Most landlords ask tenants to fill out a rental application with information like the names of past landlords, personal references and banks where the tenant has accounts. Landlords use rental applications to evaluate potential tenants.
Applications have only one legitimate purpose: To give the landlord information about whether the tenant is responsible and able to pay the rent. If any information requested does not serve this purpose, ask why the information is needed. Don’t provide the information until you have received a satisfactory explanation. You are not required to provide information about your age, sex, race, student status, marital status or other potential discriminatory information. Landlords cannot use such information to decide whether to rent to you.
Subletting involves finding another renter to pay your rent and live in your dwelling for an agreed-upon length of time. The “original renter” is the sublessor and the “new renter” is the sublessee.
In a sublet agreement, the sublessor remains on the lease and retains the obligations of the lease. A similar procedure, an assignment, occurs when the original tenant, the new tenant and the landlord agree to have the new tenant take over the lease and its obligations from the original tenant. If you sublet your dwelling, try to make an assignment agreement so you cannot be held responsible for the condition of the place.

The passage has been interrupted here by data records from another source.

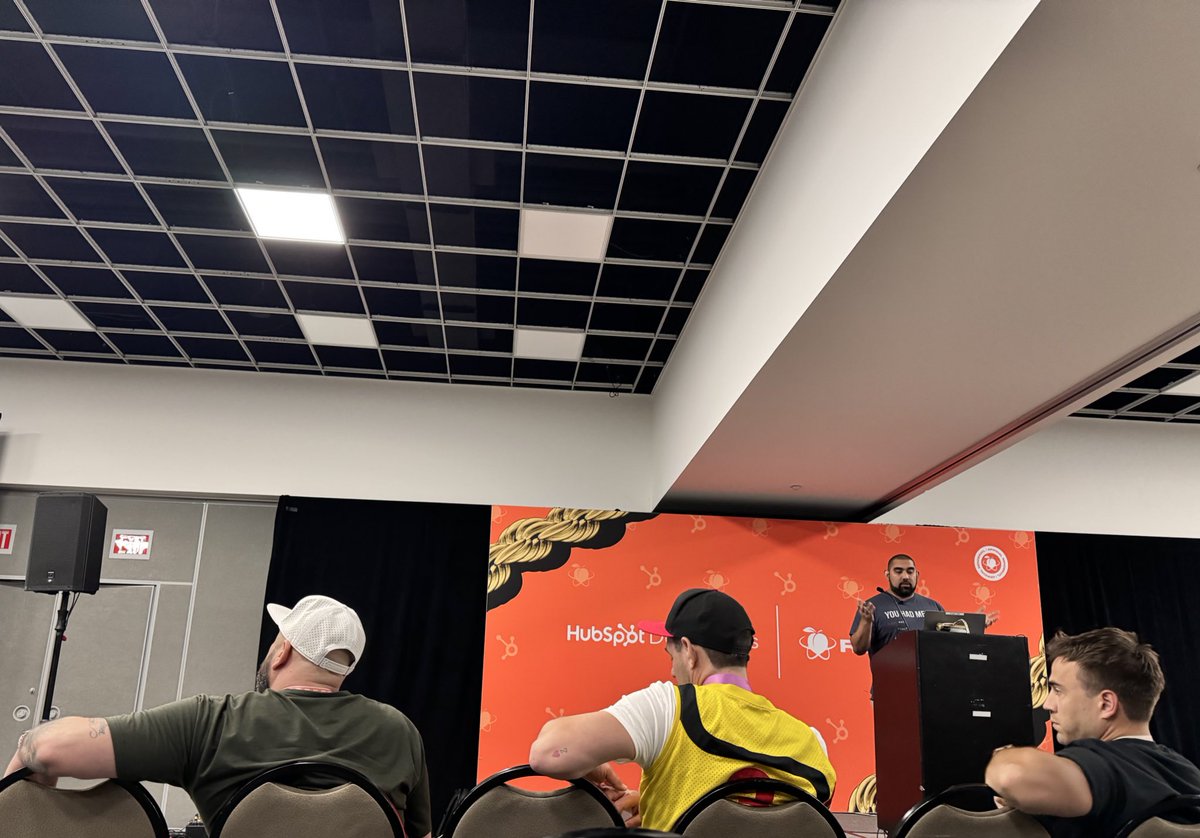 RoxanaCodes's tweet image. Getting ready to check out @dennisivy11’s session, reminiscing about the front row dude-sit at Render last summer. 🤣 #CommitYourCode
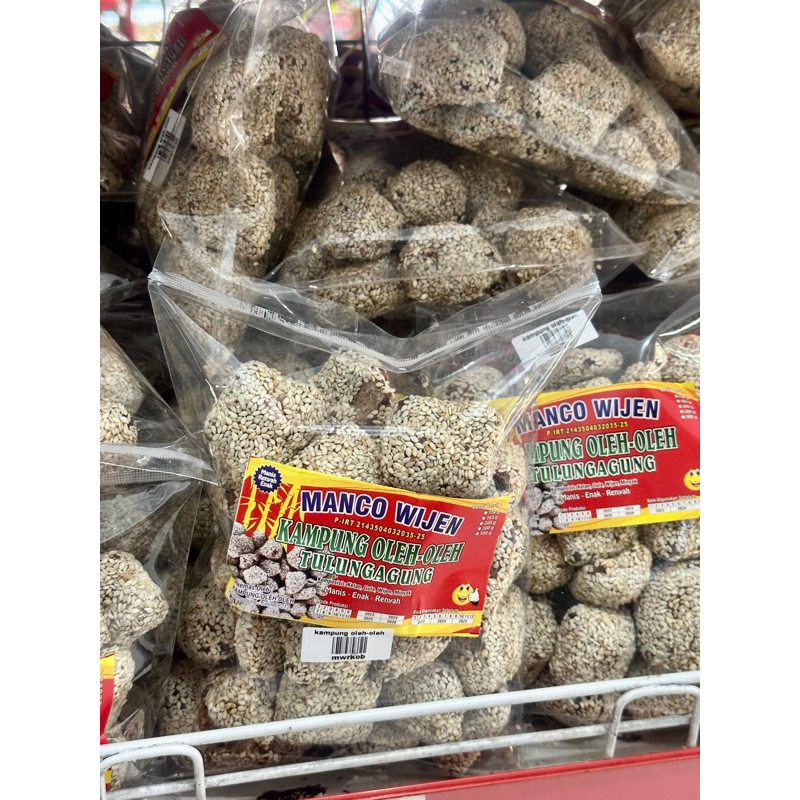 

KUE MANCO WIJEN KHAS TULUNGAGUNG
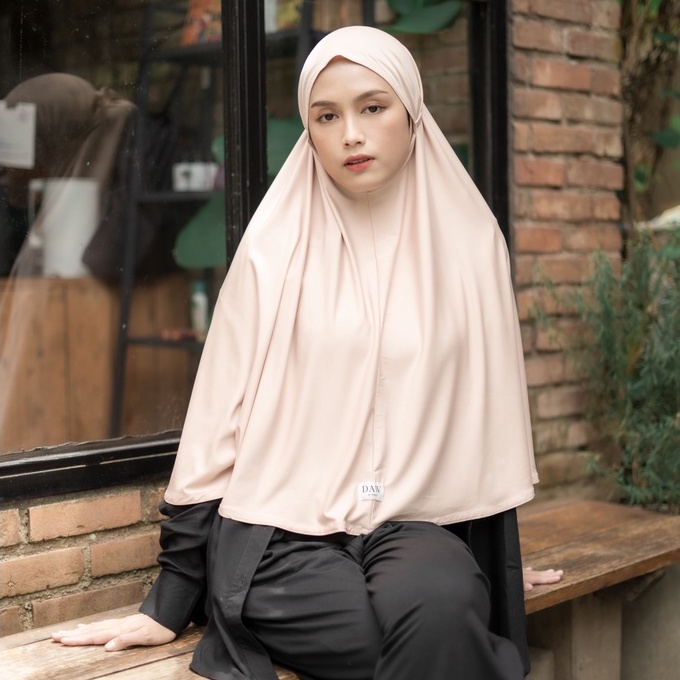 Daw Project DH002 Wina Jilbab Bergo Maryam Instan Jersey Premium Bahan Livina Warna Beige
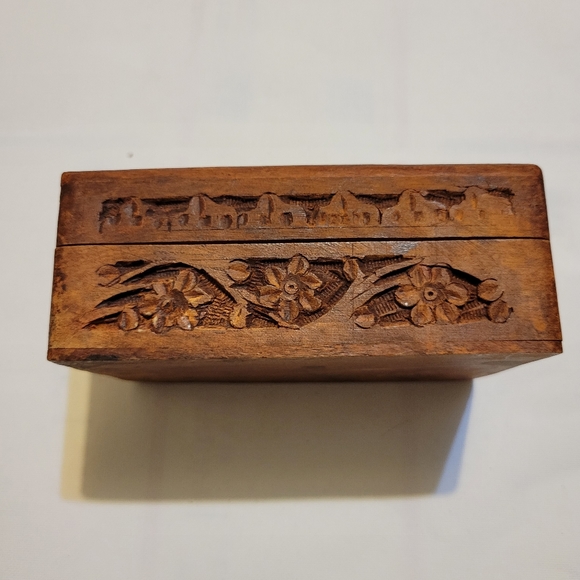VINTAGE WOOD TREASURE STASH TRINKET JEWELRY BOX - Picture 5 of 5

Many renters have unforeseen problems that can be alleviated by keeping good records of important information. Lack of knowledge regarding leases or other rental agreements can cause a variety of problems. By keeping records of rental repair requests, security deposit disputes and other important issues related to rental agreements you can alleviate many of these types of problems. The most frustrating problems occur when the tenant cannot document their grievances. To prevent this, start a file as soon as you sign the lease and add to it throughout your lease term. A rental file is easy to keep, considering the money you may recover through rental modification or qualifying for full return on your security deposit. If a rental problem arises, it is easier to negotiate a solution with the landlord when you have written records that show the extent of the problem, what you asked the landlord to do about it and how the landlord responded.
Your Rental File Should Include:
- Lease & all Addenda:
Keep a copy of everything you signed.
- A Rental Log:
Use a simple notebook to write all dates and times you contacted or tried to contact your landlord; make a note of any discussion. Logs are useful permanent records of how the landlord did or did not respond to problems.

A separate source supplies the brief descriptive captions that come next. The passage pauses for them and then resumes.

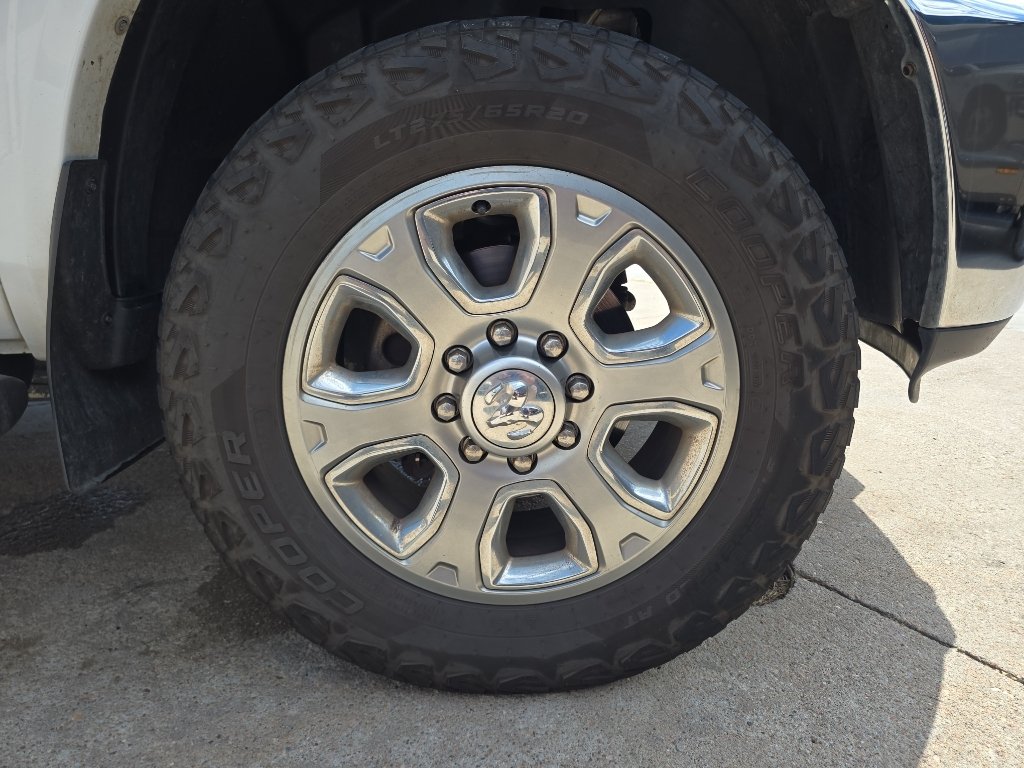 Used 2018 White Ram Laramie image 39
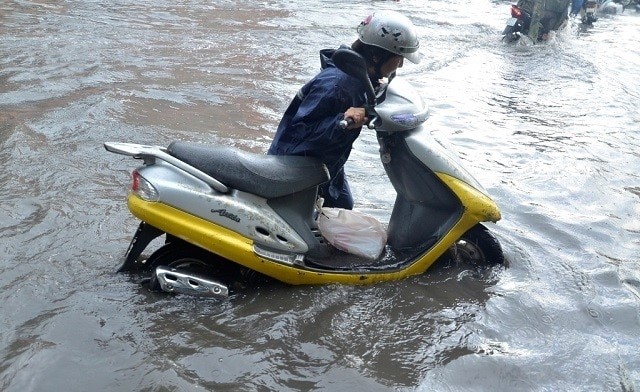  Xe máy bị ngập nước có sao không? Điều trị nhanh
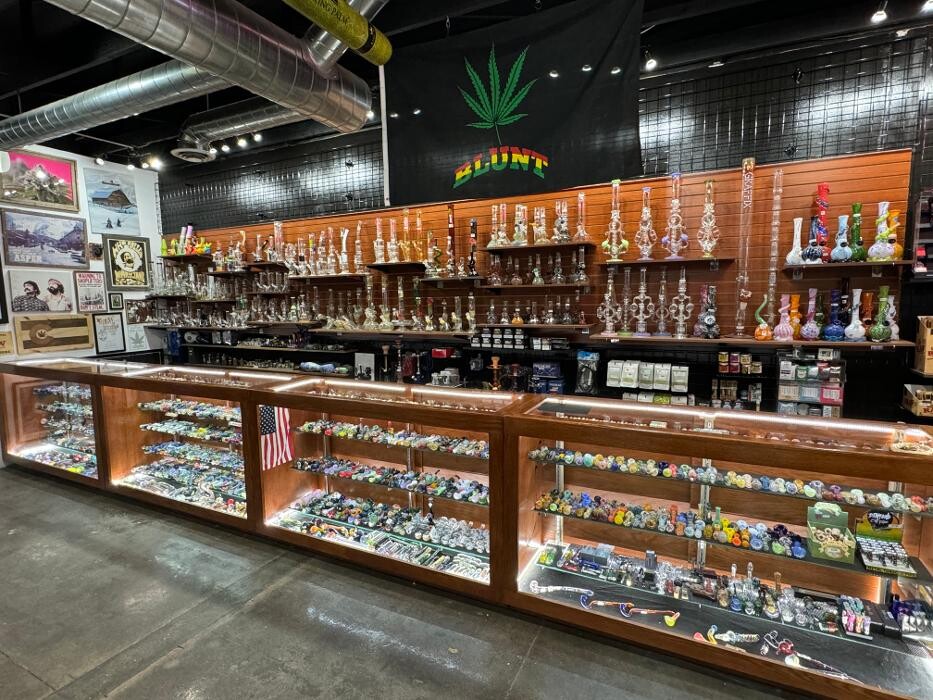 Images Hit Hut Smoke Shop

- Check-in & Check-out Forms:
This is proof of the condition of the apartment when you move in and out. Keep copies and send the originals to the landlord by certified mail with return receipt.
- Letters to or from the Landlord:
Make any complaints or serious communications in writing and keep copies on file. All verbal requests should be followed up in writing with copies in your file.

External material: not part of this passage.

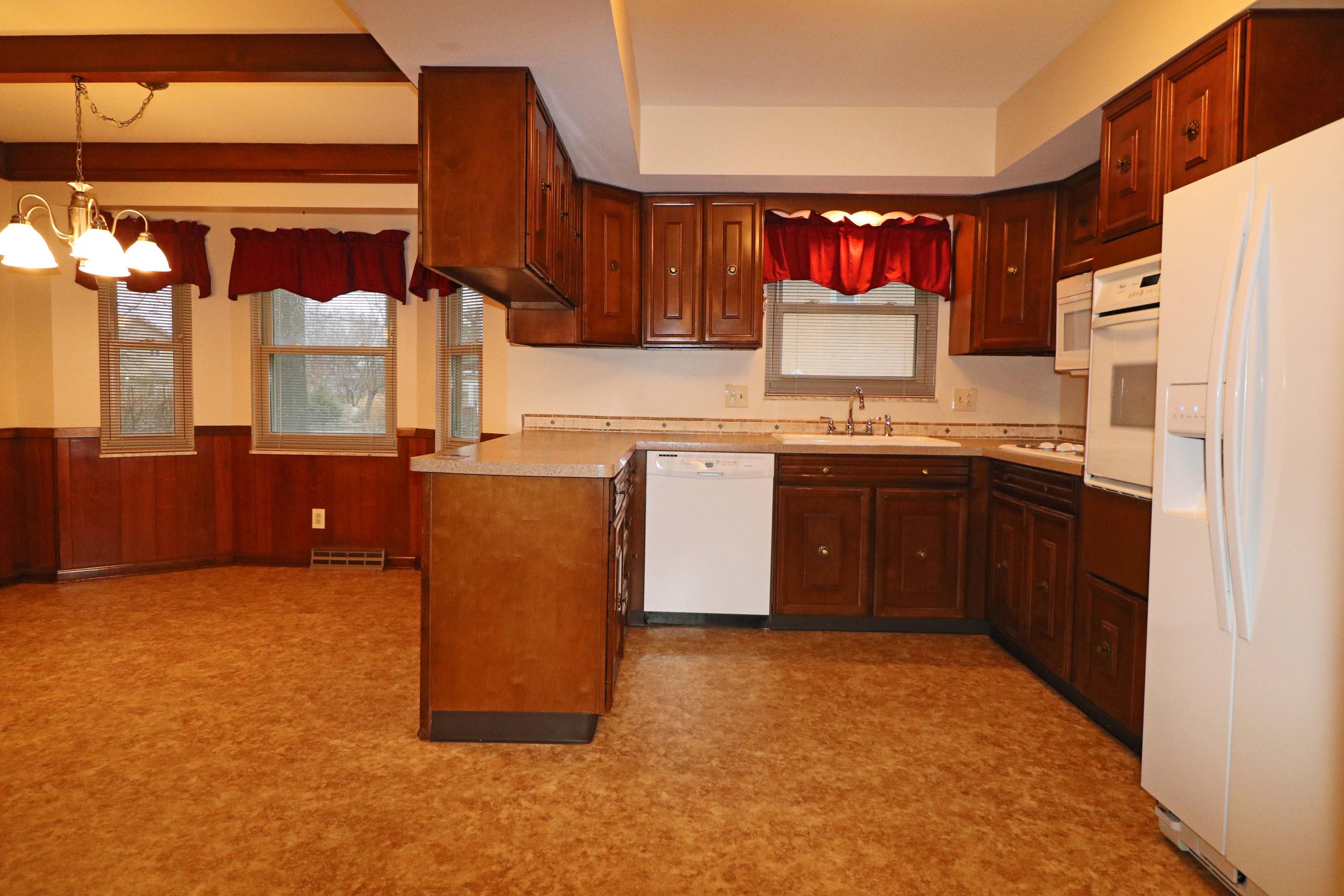 2688 Kenview Road South Columbus, OH 43209 - Photo 12 of 40 Gallery Image 12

Keep copies of building inspection reports, police reports and reports of other government agencies.
Photos may be the evidence you need to document a repair or security deposit problem. Photos should be dated and signed by a witness.
Move-in Condition Inventory Report
As soon as you arrive at your new “home,” it is crucial that you complete a move-in condition inventory report that lists the condition of the property and everything in it (furniture, appliances, etc). The report should be as detailed as possible; for example, the number of ice cube trays, nail holes or other marks on the walls, and condition of the floor, ceilings, fixtures, furniture, appliances, etc. In addition, check all the security features such as locks, windows and smoke detectors. If you notice any pests or vermin, and your lease states that management is responsible for pest control, bring it to their attention IMMEDIATELY. Once you have completed a thorough check of the premises, have the landlord or manager sign and date the report and keep a signed copy for your files.
Keep an updated inventory of your valuables by writing down serial numbers with descriptions of each item. Photographs should be taken of everything, but especially items that cannot be marked. Mark your social security or driver’s license numbers in two places, one visible and the other hidden. Keep a list of your valuables in a safe deposit box or another secure place. You can also give one to your insurance agent.
A Rental Agreement Can Include…
The ORLTA identifies what a rental agreement should contain and what the landlord must disclose to the tenant. If a written agreement is signed, a copy shall be given to the tenant as well as any changes, additions or amendments. Even if you have no rental agreement at all, the law sets out a few basic terms.
“Good Faith” means honesty in the conduct of transactions. The law imposes an obligation of “good faith” on every duty and remedy in the performance of a rental contract. (90.130)
Occupancy Limits- Landlords are free to set reasonable occupancy limits. The tenant must have written notice of the limits when the agreement is signed, or must agree to such limits in writing if they are adopted afterwards. A minimum of two people per bedroom must be allowed. (90.262(3)) Other factors may determine occupancy limits a landlord may set on individual dwellings. These factors may include: size of a bedroom, overall size of dwelling, or possible discrimination on a protected class. If the landlord imposes any unreasonable limitations seek legal advice.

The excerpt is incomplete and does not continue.